My mind has yet to make sense of Travon Martin’s violent death. My heart says, “God, 17 years was definitely not enough time on this Earth.” But his powerful en-dash sparked a national movement and reminded all of us that racism is STILL alive and well in America and we need to be ALERT and VIGILANT to keep its seething ugliness from destroying us and our children.
I still weep over the way too short en-dashes of those precious babies at Sandy Hook Elementary. I don’t think anyone can make sense of that senseless moment of violence.

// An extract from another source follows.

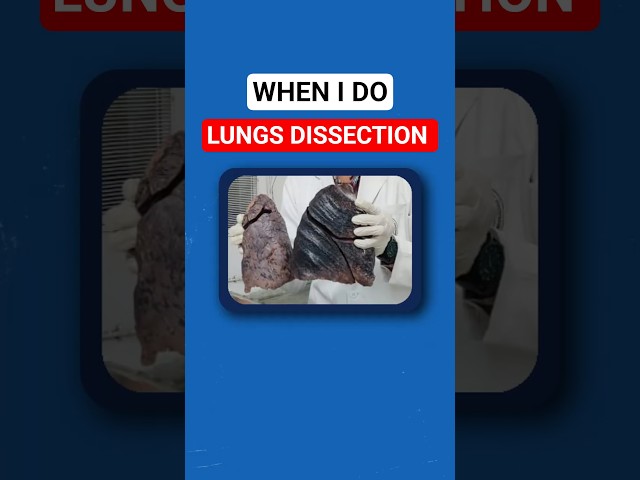 Lungs DISECTION in AIIMS DELHI #shorts #shortsfeed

But I pray that the en-dashes of those angels will remind us of how important it is to truly see and value ALL of the beautiful children around us.
Death is NEVER an easy thing to wrap our heads around or to accept. But one thing DEATH does force me to do is LIVE. I am GRATEFUL to God that in 2012 he allowed me to use my en-dash WELL. My en-dash has now traveled to Vancouver, Cape Cod, and Chicago; my en-dash is now 20 pounds and 40 inches smaller; my en-dash was able to be a live witness to the brilliance and re-election of Barack Obama; my en-dash got to breathe the same air as one of my sheroes this year–The Mighty Oprah; my en-dash had the privilege of coaching three of the Most Amazing women I have ever met (love, love, LOVE you Rose, Sally, and Tiffany); and most importantly my I used my en-dash to fall more deeply in love and in appreciate for the unique gift that is Leah Lynette Lakins.
I hope and pray that my en-dash will be longer rather than shorter; but whatever God’s plans are for the date that comes after February 23, 1979, I pray that my en-dash will be well-loved, well-laughed, well-written, and well-used for God’s HIGHEST glory.
So as we come to end of 2012, I’ve got one question: What are YOU doing with YOUR en-dash?